CAMPO is responsible for the planning of Wake County and several surrounding counties’ transportation systems. It is the eastern Triangle counterpart of the Durham-Chapel-Hill-Carrboro Metropolitan Planning Organization.
“It was a very generous move on their behalf,” said Patrick McDonough, manager of planning at GoTriangle, who said this will allow the light rail to maximize its amount of state funding.
The light-rail project, which is in the federal engineering phase currently, is contingent on federal money to pay half of the light-rail construction cost and state money to pay up to 10 percent. The counties would share the remaining $1.8 billion local cost and interest on debt that will bridge the years until state and federal money is available.
Schewel’s comments came at the “Connecting to Opportunity,” which was organized by GoTriangle, Triangle J Council of Governments and Gateway Planning. The summit brought together experts and local leaders to discuss how to best take advantage of a massive new transit system.
Schewel spoke alongside Chapel Hill Mayor Pam Hemminger. Both mayors touted the light rail plan as essential to their cities’ growth.
“No offense to our neighbors … but we don’t want to become north Raleigh,” Schewel said, adding that Durham is adding about 20 new residents a day.
“We are filling up one of those four-story apartment developments every month ... and if we want to avoid north-Raleigh-like sprawl, we got to have light rail to help us steer that growth. The light rail will be the organizing mechanism for growth by its very existence.”
Growth and development is going to revolve around the 19 light-rail stations between N.C. Central University and the UNC Hospitals in Chapel Hill. Both mayors said it would be absolutely necessary to make sure that development would be equitable to all citizens, not just wealthy ones.
Chapel Hill is hampered on what it can do with its six stations, since half the sites are owned by the university and another one around the Glen Lennox area is already heavily developed, Hemminger said.
But, Schewel said, Durham is committed to making sure all Durhamites, especially people of color, will be able to take advantage of the growth the transit line brings. The city and county are currently hoping to use four public properties – one on Jackson Street downtown, two on East Main Street and Fayette Place – to create affordable housing near light-rail stops.
However one of Durham’s main strategies for ensuring poor Durhamites are not crowded out from the growth was dealt a blow by the federal tax cuts enacted by the Trump administration last year.
“The new tax law has cut the value of the Low-Income Housing Tax Credit,” Schewel said.
The Low-Income Housing Tax Credit has been responsible for 90 percent of affordable rental units across the country.

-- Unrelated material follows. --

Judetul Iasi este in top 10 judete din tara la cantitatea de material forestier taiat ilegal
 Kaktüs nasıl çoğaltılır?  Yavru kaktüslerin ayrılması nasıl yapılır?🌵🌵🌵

But because the tax credit is tied to the corporate tax rate, which was lowered, the credits are worth less money now.
Schewel said that because of the tax cuts, the number of affordable units created by the tax credit will be reduced by 250,000 nationally over the next 10 years.
“We are all working in partnerships (to build affordable housing),” Hemminger said. “When one half of the partnership gets cut to the bone it makes it really impossible.”
Schewel added that it could hurt the city’s ability to build 80 affordable rental units at its planned Jackson Street project.
“It hurts our ability, and every city’ ability, to build affordable housing for people,” he said. “We are relying on being able to get a tax credit for (Jackson Street), but that tax credit is going to produce less equity now. ... That means funding will have to come from more local funding or cuts in the project.
“Somehow that gap will have to be covered, or less affordable housing gets built.”